Wednesday, April 20, 2005

Delirium

Waking up with a jerk, sweat streaming down my neck, I look around frantically...
The cold steel walls stand mute; the pillow next to mine is cold, sheets unruffled...

Sweat is glistening on my pulsating jugular...
A flutter of the eye lids - we are together in the same bed, thrusting into each other in frenzy, panting, grunting, your deep crimson nails clawing at my bare back...
A flutter of the eye lids - you are running among the glowing sunflowers, I am behind in close chase, almost reaching and touching the tassels of dark flowing hair, I hear laugher...
A flutter of the eye lids - my face is drenched in warm sweat, or blood...

Slumping with exhaustion, feels like I am floating, a sudden blur of voices, an orgy of vision, a lingering smell of something decaying...
I lift my head from the pillow, resting my chin in my palms, staring at strange patterns, numerous rivers, valleys, stains of time, time when we were together...

A long strand of hair floats on the pillow, I clutch it tight, as if a precious possession, a souvenir now...
A swirling calm enters my veins, your head is on my shoulder, I am caressing your hair, weaving my fingers into the black abyss...
The hands emerge, green and strange, not my hands, a stranger's hands, still caressing your hair, still cupping your breasts, strangling my throat...

How could you let the beast touch you?
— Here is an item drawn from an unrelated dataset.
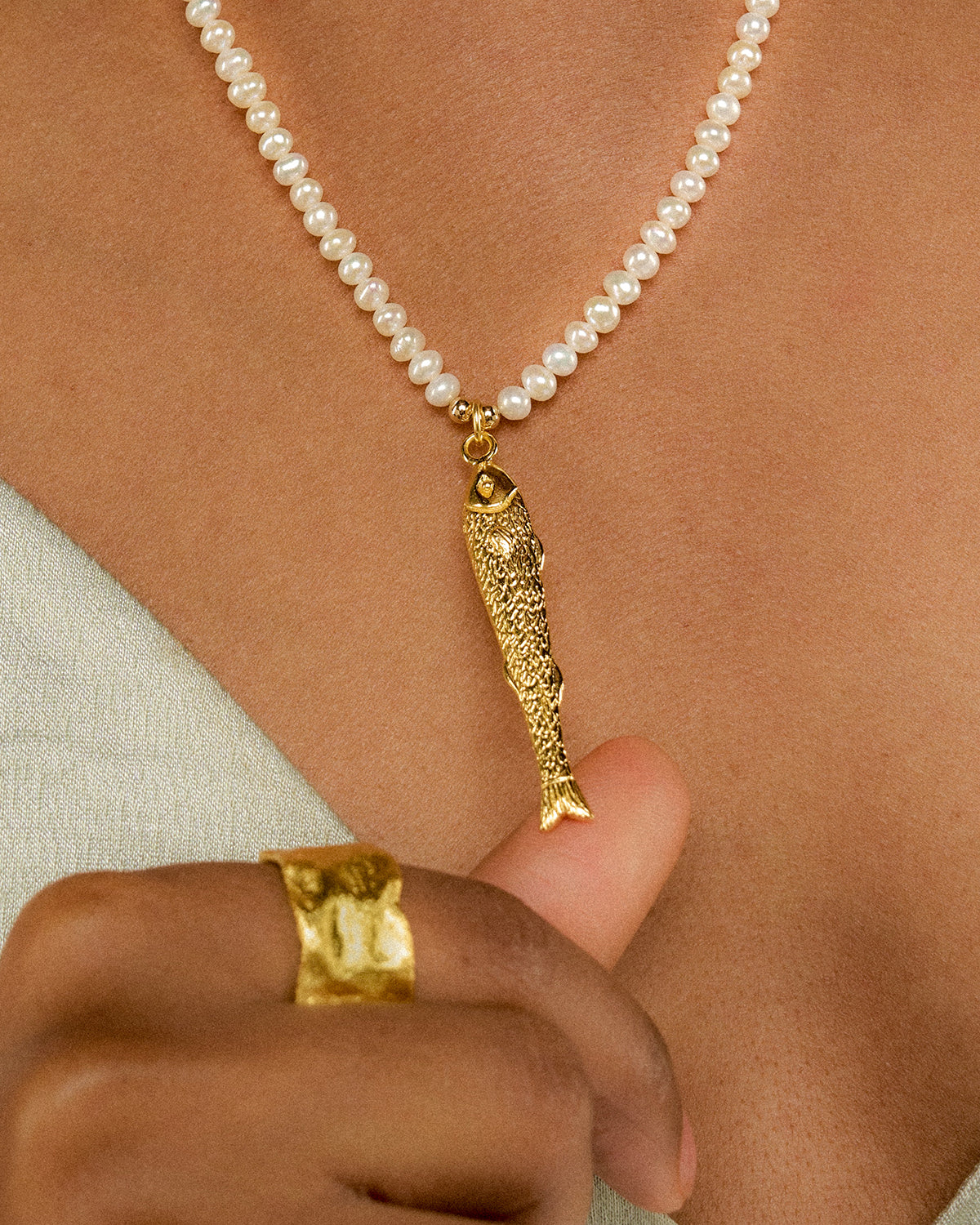 eine Nahaufnahme von einer Perlenkette mit goldenem Fischanhänger. Der Anhänger wird vom Daumen der Frau leicht angehoben.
How could you?

I clutch the pillow and scream in agony, a scream that is music in this otherwise deafening silence of loneliness...
My fingers touch something cold - a glass bangle you removed and slid under the pillow before you let me ravage you...
The bangle is cold and grey, like this room, these walls around, but I remember it once shown like a rainbow, glittered on your delicate wrists...

Your delicate wrists, those milky white palms, almost pale - ghostly...
The touch of those fingers, the still wet designs on the palm, fresh, vermillion vines, mixing, dancing...
Struggling wrists, getting out of my hold, I hold on tighter, closing my fingers...the crumbling glass, the sharp pain, the bluish green venom oozing through my fingers...
It’s not venom; it’s your blood...

Or mine. The bangle lies broken in my palm. The blood is dry and crusted, the pillow stained anew...
I sit up, swing my legs down, a painful effort to get up, walk to the wash basin...
Shivering, things around me flying, this dizziness...
I lunge at the wall, trying to stop my fall, my hand slips, leaving a brown streak, leaving me slumped on the floor...

Amma is standing above me, placing a wet cloth on my forehead...
Her black robes hovering like the comforting night, her warm hands, touching my cheek, spilling dutiful love...
Her look is confusing, her eyes killing, there is no sympathy, just a half mocking smirk...
I want her to say everything will be fine, but there is no reassurance...
I did just what she told me not to: I loved you, I trusted you.

You were my life, my breath, the window in these four walls...
I bared everything and stood naked, stood naked, so you could hurt me, stood naked, like a fool, so you could betray me the moment I turned around...
I’ve tried to find meaning, in vain. I have tried to question the worth of those days in unison, every moment bringing me close to god, every word spoken - burning my heart, every touch changing my soul...

And it all fell apart so quickly, I am left naked and confused, gasping for air and crying, like a baby out of the womb...
Maybe it was all a dream, your laughter was but a trick played on a vacant mind, your touch but the zephyr's prank...
But these wounds, they feel so real. This blood, why does it taste so real?

I stretch my arms through the bars of the window...
The cold winter rain washes the dry blood, pain rushes back in fury as I pull out the pieces of glass...
It is all real after all. Those feelings, those promises. All real, all lost, all broken.

You didn’t even give me a hint it was coming...you could have at least warned me before...so I could have made my heart stronger...
And so I float in this delirium...like a head severed from the body with a sudden swing of the sword, squirming and writhing, in confusion and surprise, in agony...neither dead, nor alive...


iyer

7 comments:

Anonymous said...

Hey can some one interpret this one for me.....way too abstract for me :(

Machee

3 potties said...

bravo iyer...

you could have mellowed down on the self pity part.
has a sense of lost love zombiness to it that emulates your pain.

bravo

Lolly

Shuchi said...

Grim to the core...painful and depressing too..

But I like it:)Quite smooth..in an errm eerie sorta way..

Good jaab!;)

3 potties said...

thanks for dropping by :)

iyer

Anonymous said...

Very abstract indeed, but it allows lots of imagination.One could feel heaven in hell, and see the hell while in heaven. It's the complexity of both demon and angel, each speaking through another's tongue. thought provoking...

3 potties said...

hey seagal,

u got a blog? a profile?

pls share! :)

Ranj said...

Tend to agree with all here :) abstract, painful, grim with self-pity, self-righteousness and heavy amounts of masochism as well! So is there dark-humour and laughter or is just me?